Although the victim may be offered money, this scam often operates in tandem with either a cheque fraud scam (where the check or money transfer the victim receives is fraudulent) or an advance-fee scam (if the victim is required to pay up front for costs, such as postage, with the promise of reimbursement). This scam can also operate alongside a money mule scam, where the victim is transferred money (often from an untraceable source, such as a wire transfer) and told to keep a portion of the money while wiring the rest of the funds to someone else (either another victim or a scammer). In any case where funds are illegally obtained, the victim will also be liable for the full amount of money if the check or wire transfer they are given is reversed. It is also possible that the victim's personal information, such as address or bank account information, may be exposed.

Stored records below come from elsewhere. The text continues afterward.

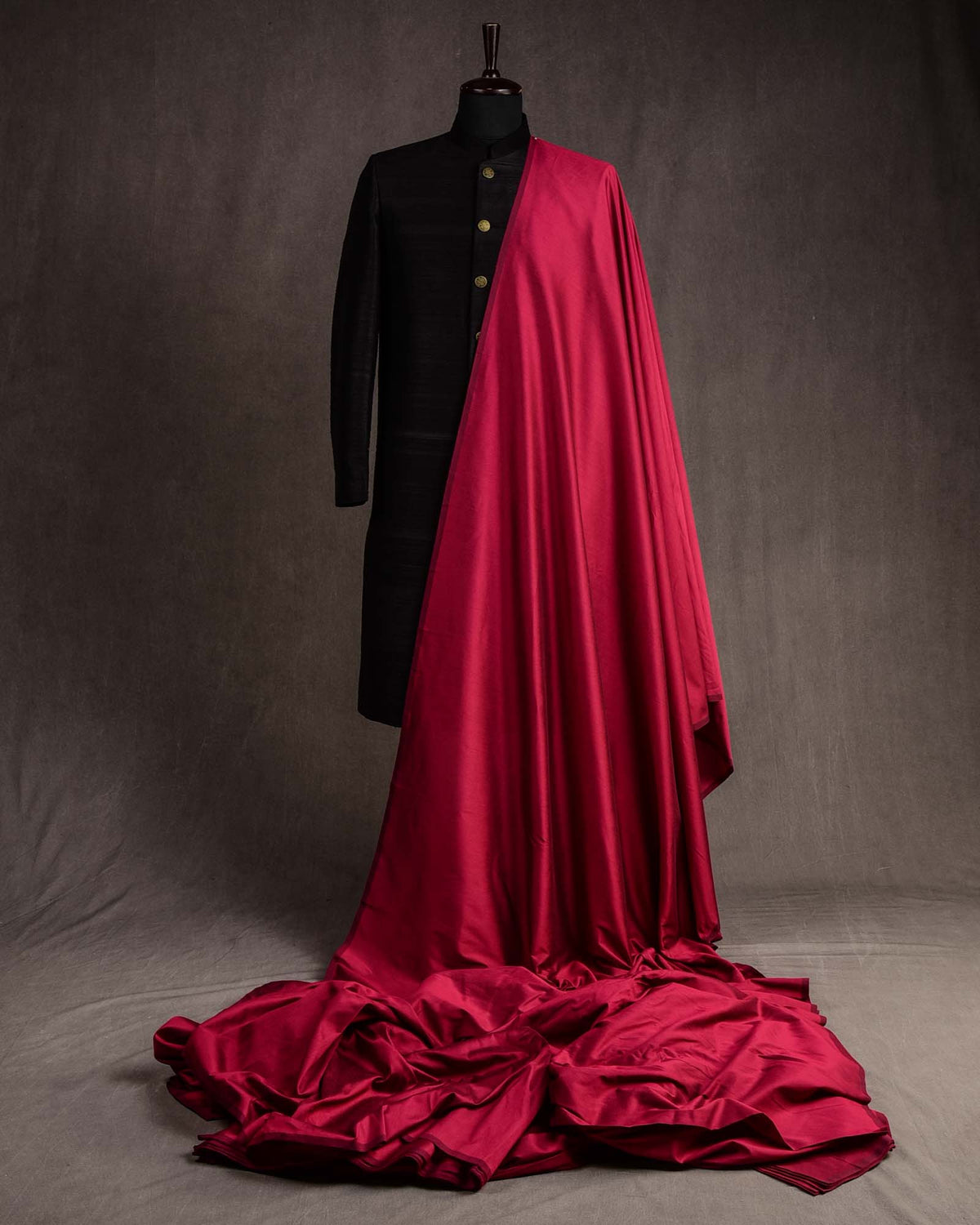 Sangria Maroon Woven Poly Cotton Silk Fabric-HolyWeaves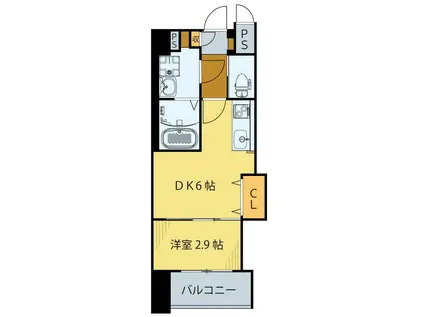 シェルグランデ原町(1DK/13階)の間取り写真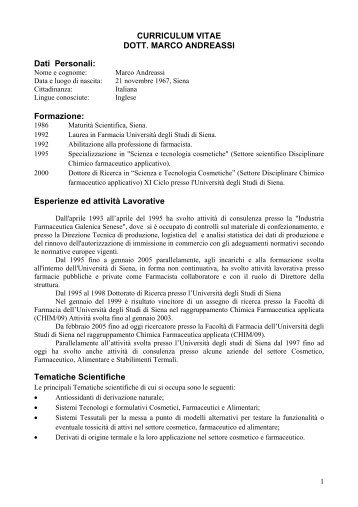 Curriculum vitae Marco Andreassi - Provincia di Siena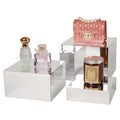 3 Pcs Acrylic Risers for Display, Acrylic Cube Box Food Display Risers Stand Shelf for Catering Dessert Collectibles Jewelry Figures Party (Silver3pc) - size: Silver 3pcs (6",7",8")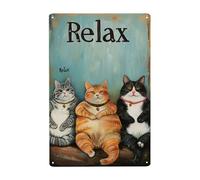 Divertente gatto rilassante, gattino, arte murale in metallo vintage, tre gattini ri, divertente gatto vintage, cartello in latta, decorazione per rilassarsi, poster in metallo con 8x12 pollici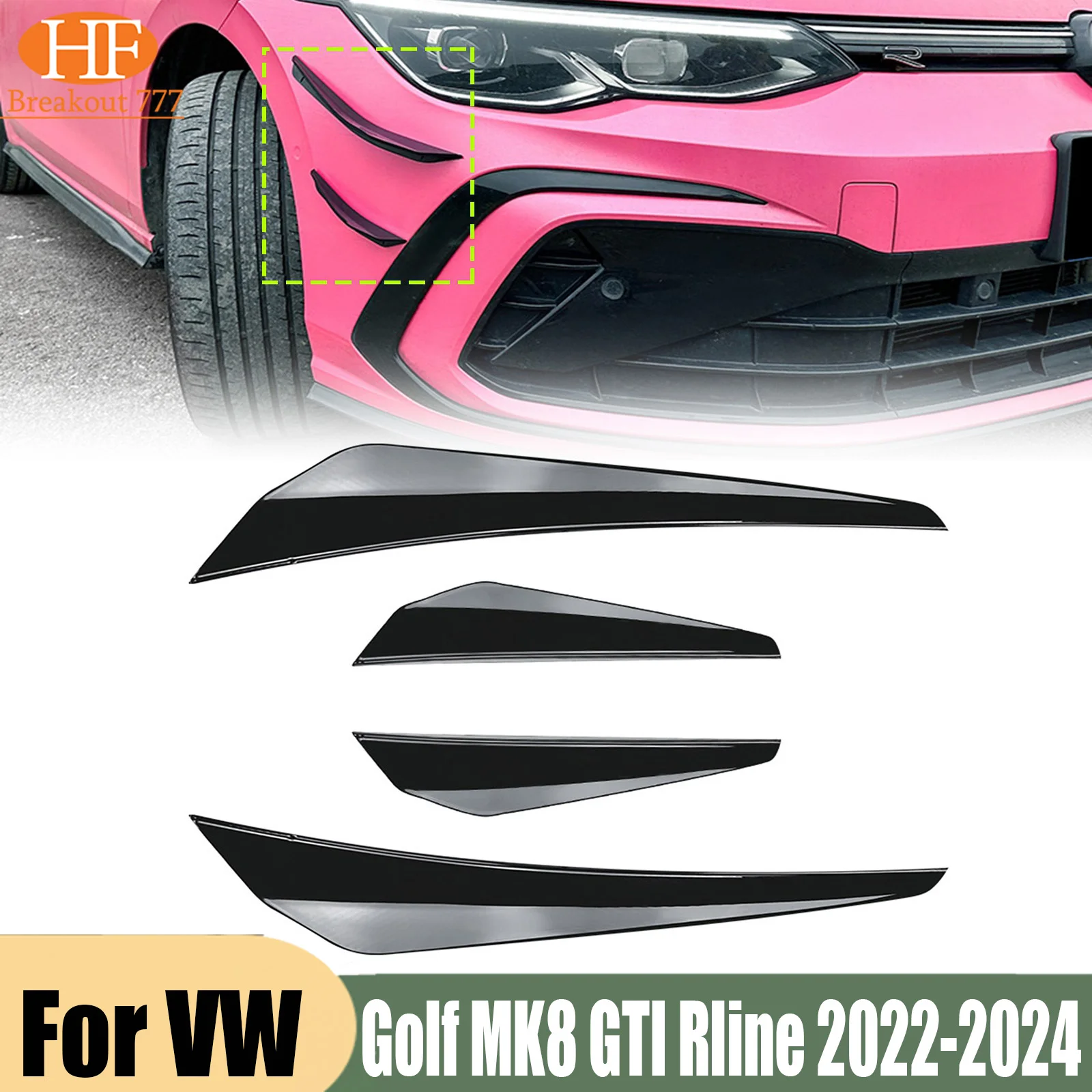 Front Bumper Side Spoiler Trim For VW Golf 8 MK8 Standard GTI Rline Carbon Fiber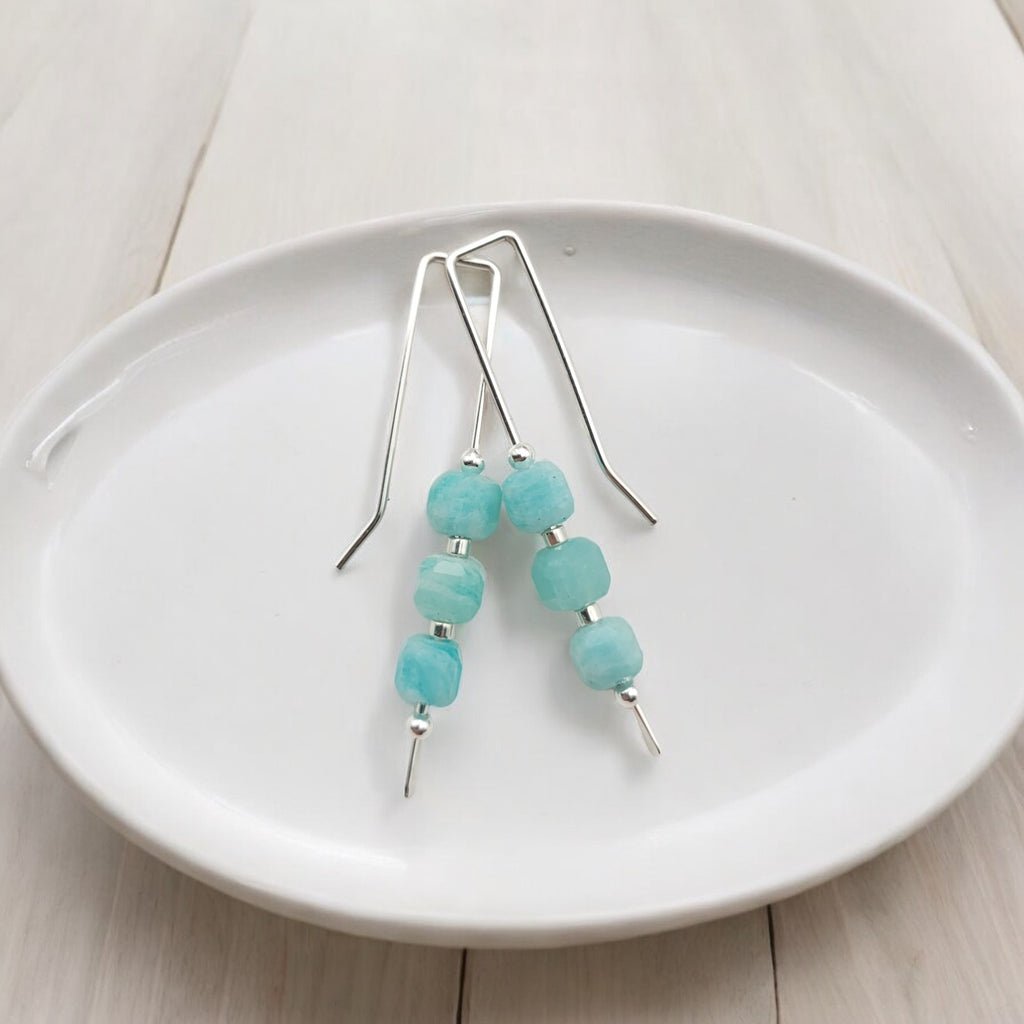 Cube - Silver & Amazonite Threaders Earrings Bijou by SAM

Authorities generally advise that anyone who suspects that they are a victim of a parcel mule scam to report it to the authorities. People involved in reshipping scams, whether or not they are a willing accomplice, can potentially be charged with several felonies. Authorities also caution consumers not to accept a job offer that requires them to reship goods, not to accept packages at their address from people they don't know, and if strange packages do arrive at their address, not to reship them to another address.

== Example ==
One famous scam was organized under the "Air Parcel Express" corporate name. Criminals purchased items in the United States and sent them via mules to Russia and Belarus, where they were then sold. Items included iPods, PlayStations, smartphones, and laptops.